**SUPPLIED MATERIAL**
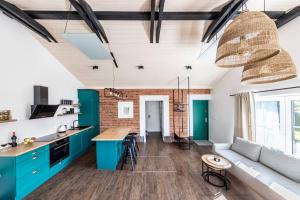 a kitchen and living room with blue cabinets and a couch at Kadyny Apartments 37B in Kadyny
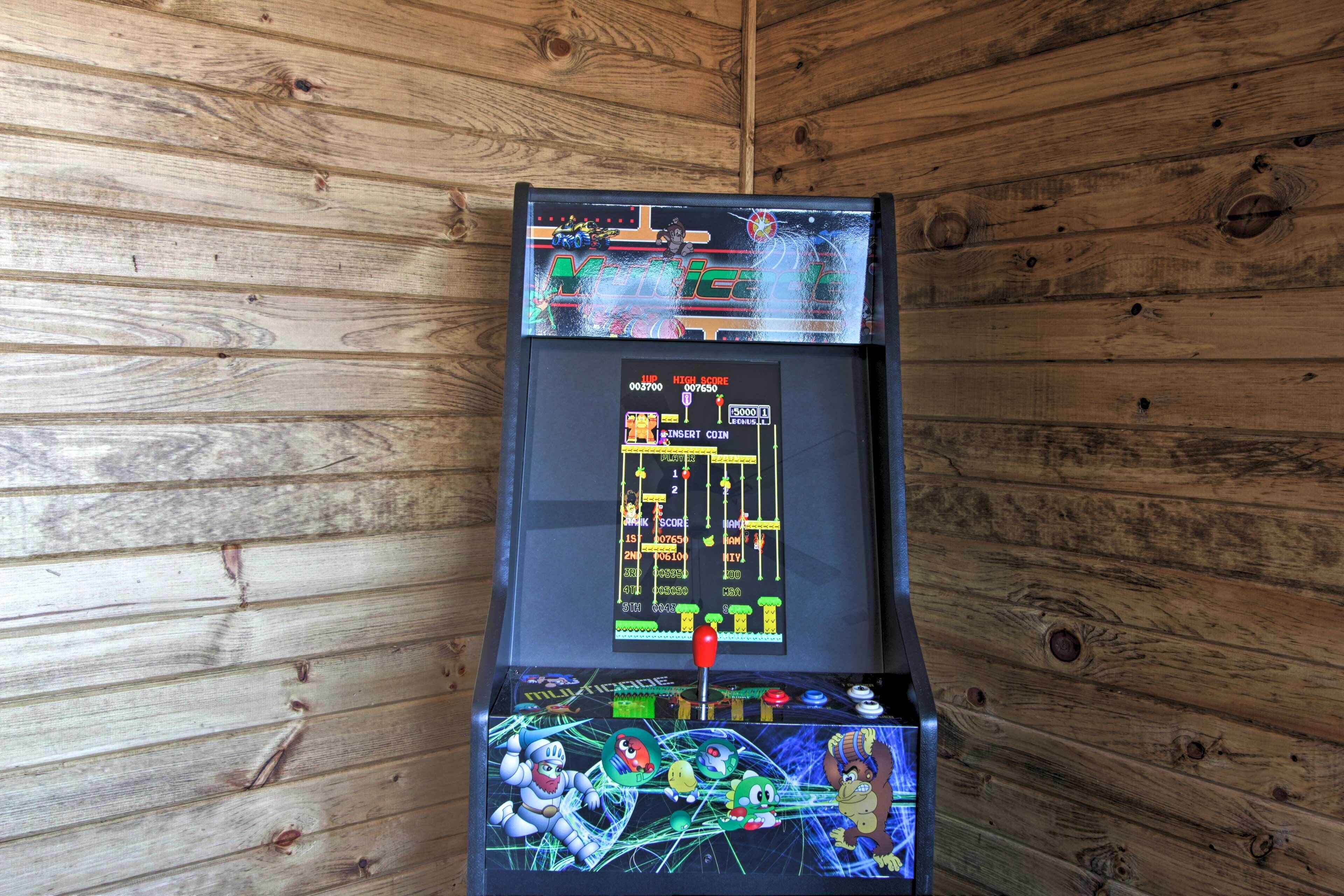 A pinball machine with a colorful design and a score display.
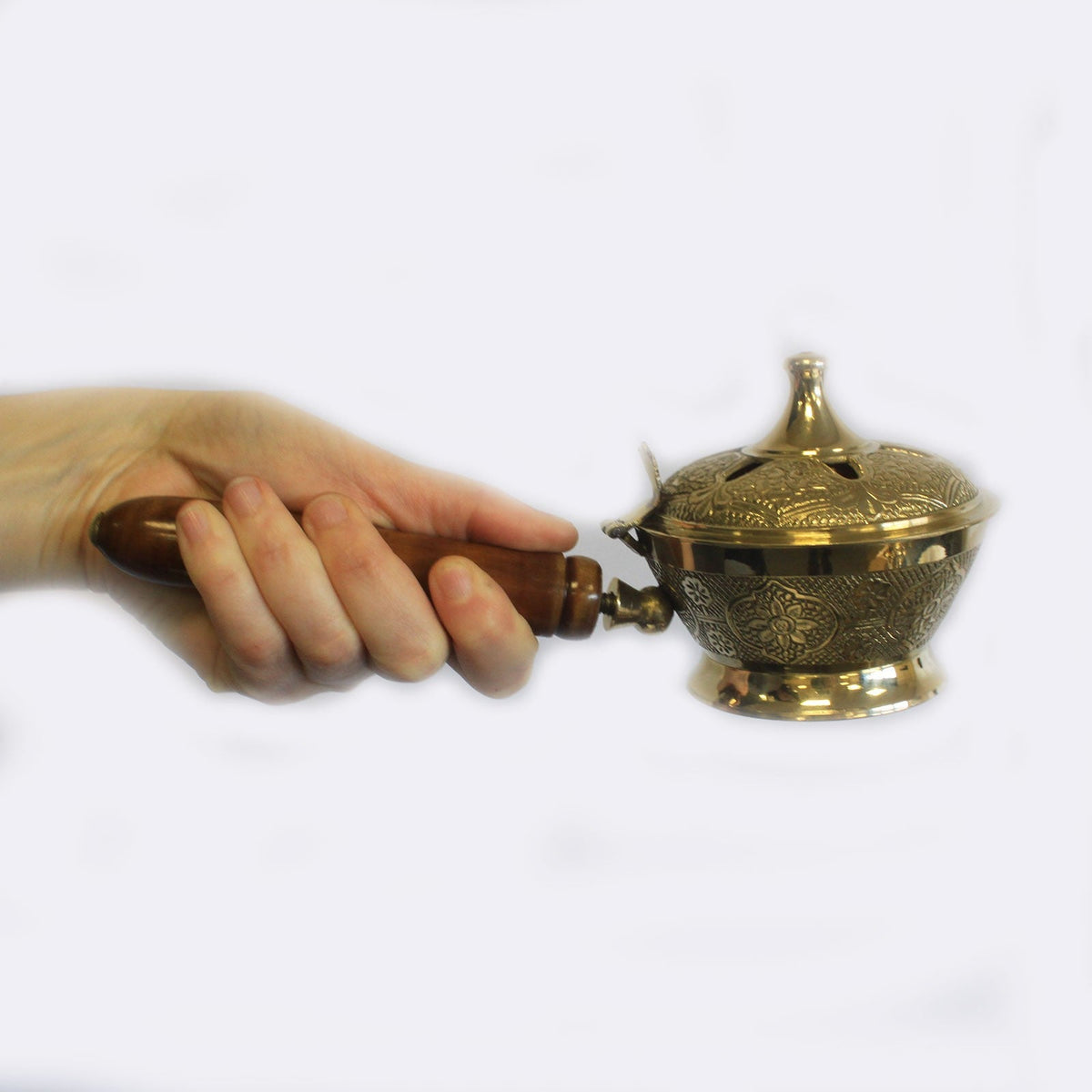 Small Ornate Brass Incense Burner with Handle with a pierced domed lid and engraved bowl held in a hand by Quintessential Holistic Health Ltd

**TASK OBJECTIVE**
Begin with the line that contains "A pinball machine" and repeat every line through the end of the data, exactly and only those lines, leaving out the pictures.

**EXPECTED ANSWER**
 A pinball machine with a colorful design and a score display.
 Small Ornate Brass Incense Burner with Handle with a pierced domed lid and engraved bowl held in a hand by Quintessential Holistic Health Ltd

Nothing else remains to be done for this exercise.